Saratoga News file photograph
Olivia de Havilland, who started her career in Saratoga, returned several years ago when she was honored as a distinguished alumna of Los Gatos High School.
BY WILLYS PECK
If, as Shakespeare wrote, all the world's a stage, Saratoga of a generation or so ago could have qualified as Central Casting. That may be mangling the metaphor a bit, but it is true that, for a community of fewer than 1,500 souls, there was what seemed an unusual amount of dramatic activity hereabouts.
My own 15 minutes of fame in this milieu occurred in 1933, when I appeared on the same stage as Olivia de Havilland in a production of Alice in Wonderland. Olivia, a high school junior at the time, played Alice, and I, a fifth-grader, played a duck. I should say the duck, since it was a one-duck cast.

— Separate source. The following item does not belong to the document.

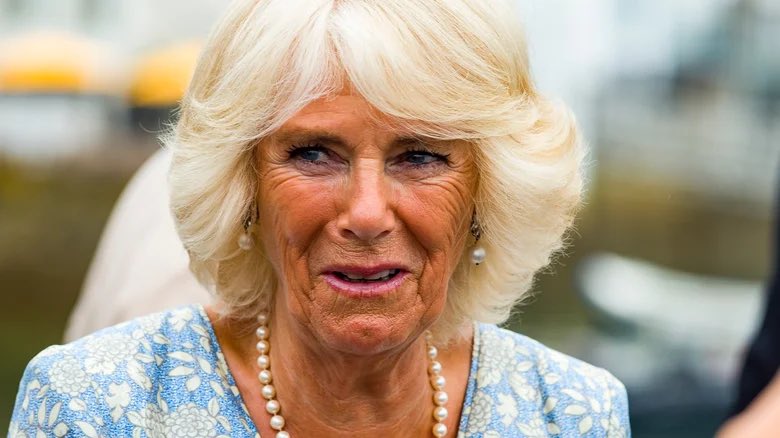 Why does it look like there is a media powerboat between laundromats #middletons and #notmyqueen #camilla very suspicious indeed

Our paths didn't really cross all that much, on stage or off, but, over the years, she has been kind enough to remember the occasion in our infrequent correspondence.
Alice was produced and directed by the late Dorothea Johnston, the doyenne and high priestess of the dramatic arts in Saratoga during the 1920s and '30s. She had had some professional stage experience, but she returned here to live with her mother, Elizabeth Johnston, who ran the old Saratoga Inn.
I came into Miss Johnston's orbit not so much through dramatic talent as through some kind of laryngeal quirk, which, in early youth, enabled me to imitate bird calls. Hence, in a 1935 production of As You Like It, I was off in the bushes providing audible atmosphere for the Forest of Arden, as well as carrying on a sign between scenes telling the audience what was coming up next.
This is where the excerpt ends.